Vendors, briefed on the task force plan in July, generally welcomed the idea of a boost in government spending, Laub said. Industry insiders predict the uptick could favor companies such as Cray Inc. (Seattle), with a history of developing custom high-end systems. However, said a Cray spokesman, "All boats are likely to be lifted if spending increases to this extent."
"We are encouraged to see the recognition of the need for increased funding, particularly for diverse architectures, to correct the imbalance of the last several years that have focused on off-the-shelf technologies," said James E. Rottsolk, president and chief executive officer of Cray.
"This will motivate us to dig into scientific computing even more fervently than we already have," said John Gustafson, a senior scientist at Sun Microsystems Inc. working on the Darpa supercomputer program.
At LinuxWorld earlier this month, IBM Corp.'s Dave Turek said the company launched a Deep Computing unit earlier this year to give IBM a sharper focus on high-performance computing. The group is involved in five government supercomputing projects, including Darpa's, and is targeting high-end needs in new markets such as digital media, said Turek, who is the unit's vice president.
In Japan's shadow
Much of the U.S. impetus for more government investment stems from the announcement last year in Japan of the Earth Simulator, a custom-built NEC Corp. supercomputer that delivers 35.8 Tflops at an estimated cost of as much as $500 million. At the time of its launch, in April 2002, the NEC system had about five times the performance of the fastest U.S. supercomputer, a Lawrence Livermore National Laboratories machine, when Japan launched its system in April 2002.. Today a Los Alamos National Lab system hits about 13.8 Tflops, still well behind NEC's watermark but enough horsepower to rank as the second most powerful system in the world.
"The Earth Simulator created a tremendous amount of interest in high-performance computing and was a sign the U.S. may have been slipping behind what others were doing," said Jack Dongarra, a professor of computer science at the University of Tennessee who is working on the National Academy of Sciences report.
The Earth Simulator, which was unique at the time of its launch, uses custom vector processors with custom memory and processor interconnects, providing high memory bandwidth for its 5,150 processors.
By contrast, the Los Alamos computer employs 8,000 off-the-shelf processors to get about a third of the performance of the NEC system, in part because it uses a greater number of commercial interconnects from Quadrics Ltd. (Bristol, England).
"The biggest lesson of the Earth Simulator is they [the Japanese] made a decade-long plan and stuck to it," said Reed of the NCSA.

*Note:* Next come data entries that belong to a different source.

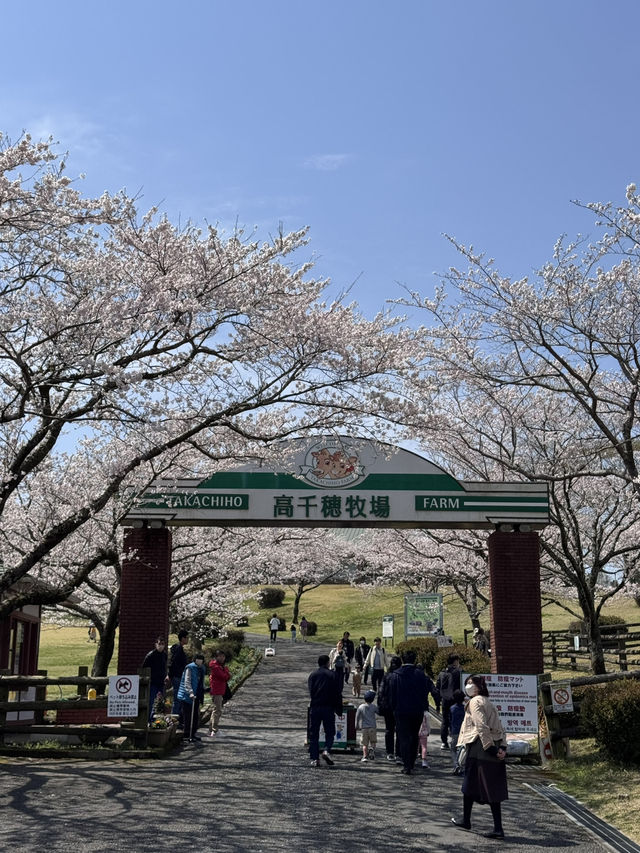 高千穗牧場——九州必訪的治癒系牧場！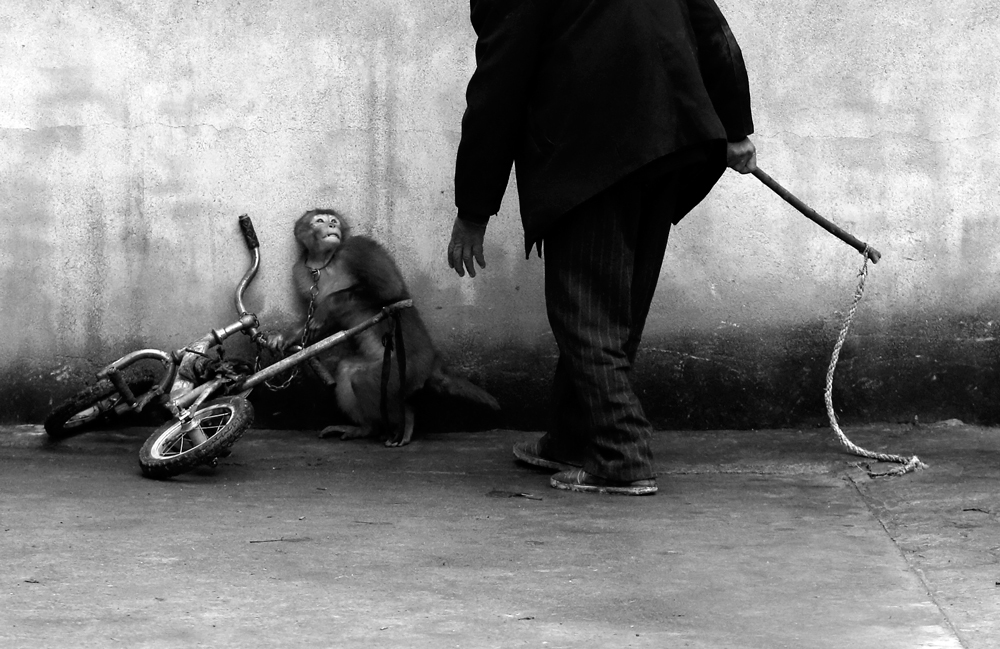Una scimmia viene addestrata per lavorare nel circo a Suzhou, provincia di Anhui, Cina. Primo premio natura singole. (Yongzhi Chu)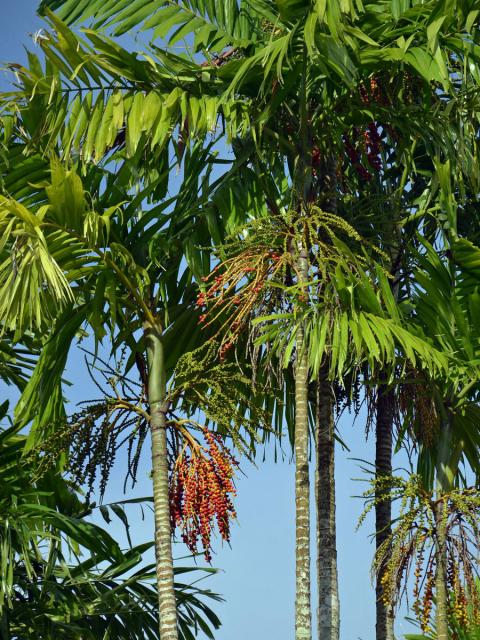 Ptychosperma macarthurii (H. Wendl. ex anon.) H. Wendl. ex Hook. f.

NEC's achievement notwithstanding, 91 percent of the top 500 supercomputers in the world today were made in the United States, according to the NAS report.
Another investment driver lies in the fact that the road to a petaflops system and beyond is still unclear at a time when strategic applications in cryptoanalysis and many scientific fields are begging for horsepower. "At some point you have to come up with a new architecture," said Seager of Livermore Labs.
Seager said that ASCI needs a petaflops system by about 2010 to handle applications tied to nuclear-weapons simulations. It's not yet clear whether IBM's BlueGene/Light program or the Darpa HPCS program would be able to meet that goal, he added.
Laub, the task force co-chair, noted that the HPCS program ends in 2009. "There is nothing to replace it, and that could be a catastrophe," he said.